Austerity: Post-war style

I’ve always thought of my parents’ generation and their parents’ generation as being the ones who had seen the big events and huge changes during their lives but I think that there have been tremendous things – both good and bad – happening during my lifetime. So I’ll try to remember them as they come along during this story. There were several such moments in the first few years of my life but I don’t have any personal memories of them.
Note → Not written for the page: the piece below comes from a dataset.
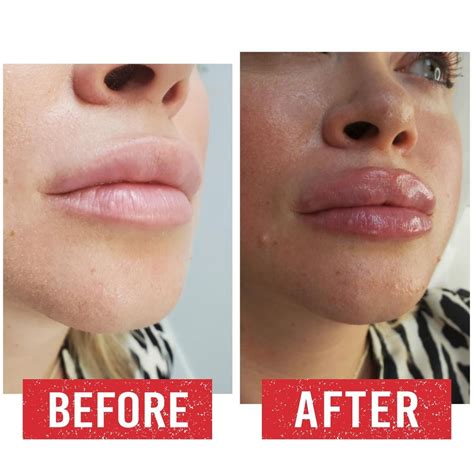 Before After Gallery Fillers Treatments Aesthet House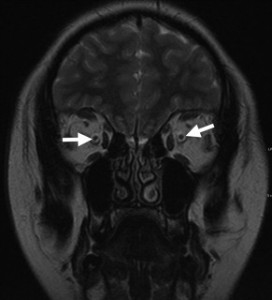 Pseudotumor Cerebri - Treatment, Symptoms, Causes, Diagnosis, MRI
A few days ago, I talked about the terrible winter which was in full swing when I arrived home to our little flat above the shop. The country was freezing while struggling to get back on its feet, less than two years after the end of World War 2. I was lucky enough to be one of the early beneficiaries of the national health service which came into being on 5 July 1948. When I was looking up the date for this event, I was interested to read that even in its first year of existence the NHS was suffering from a shortage of nurses and had cost £248 million to run, almost £140 million more than had been originally estimated. No surprise then that it is in the difficulties it finds itself in today. The resources needed have always been underestimated and, I guess, its users have always expected more of it than they were prepared to fund. My grandma, who lived with us in our tiny flat, did not welcome the coming of the NHS, which she took to be yet another socialist plot conjured up by Attlee’s government. She refused to join and continued to pay for her doctor’s services until my father signed her up without her knowing.

One welfare benefit that I know we didn’t benefit from was the so-called “Family Allowance”. In these early days it wasn’t given to the first child and I remember that my mum was always rather bitter about it. It doesn’t seem fair, as it is the preparation for the first child which was and still is, very expensive. My mum also had very definite views about mothers (and even married women in general) having to go out to work. She had obviously worked in the early days of her marriage during the war but, to her, one of the most awful thing to happen to a married woman was to have to go out work. After my dad died and she was in receipt of a widows pension of about £4 a week, she sometimes used to say, anxiously, “I think I’m going to have to get a job” but we seem to have managed and it never came to that. I wonder how she would have felt about today’s women, most of whom would hate to stay at home and not have a job.

I’ve been trying to think of what my earliest memory could be. I’m not one of those who claims to remember things that happened when they were just a baby. But I do remember – Rationing!